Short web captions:
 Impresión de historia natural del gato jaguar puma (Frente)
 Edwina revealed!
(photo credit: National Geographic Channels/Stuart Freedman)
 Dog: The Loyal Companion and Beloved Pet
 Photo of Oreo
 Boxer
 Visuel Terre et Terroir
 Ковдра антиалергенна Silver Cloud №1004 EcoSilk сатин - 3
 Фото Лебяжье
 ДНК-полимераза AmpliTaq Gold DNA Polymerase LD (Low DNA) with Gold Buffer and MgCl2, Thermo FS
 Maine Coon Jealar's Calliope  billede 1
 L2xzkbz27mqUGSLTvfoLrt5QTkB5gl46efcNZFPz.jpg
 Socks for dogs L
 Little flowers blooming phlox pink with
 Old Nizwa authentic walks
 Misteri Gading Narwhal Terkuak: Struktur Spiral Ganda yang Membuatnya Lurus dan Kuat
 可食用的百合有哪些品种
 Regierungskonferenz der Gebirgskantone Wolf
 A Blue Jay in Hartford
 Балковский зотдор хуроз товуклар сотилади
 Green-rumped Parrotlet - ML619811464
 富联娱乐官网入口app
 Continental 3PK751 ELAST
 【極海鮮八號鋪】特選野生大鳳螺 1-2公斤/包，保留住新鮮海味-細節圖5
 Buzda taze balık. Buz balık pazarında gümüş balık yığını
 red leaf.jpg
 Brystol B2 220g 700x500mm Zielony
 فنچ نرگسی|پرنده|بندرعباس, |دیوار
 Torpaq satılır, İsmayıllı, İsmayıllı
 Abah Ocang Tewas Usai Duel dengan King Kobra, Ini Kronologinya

§ What you should do: Write the "Buzda taze balık." line and all later lines exactly. Stop at the end of the data.

§ Output of the task:
 Buzda taze balık. Buz balık pazarında gümüş balık yığını
 red leaf.jpg
 Brystol B2 220g 700x500mm Zielony
 فنچ نرگسی|پرنده|بندرعباس, |دیوار
 Torpaq satılır, İsmayıllı, İsmayıllı
 Abah Ocang Tewas Usai Duel dengan King Kobra, Ini Kronologinya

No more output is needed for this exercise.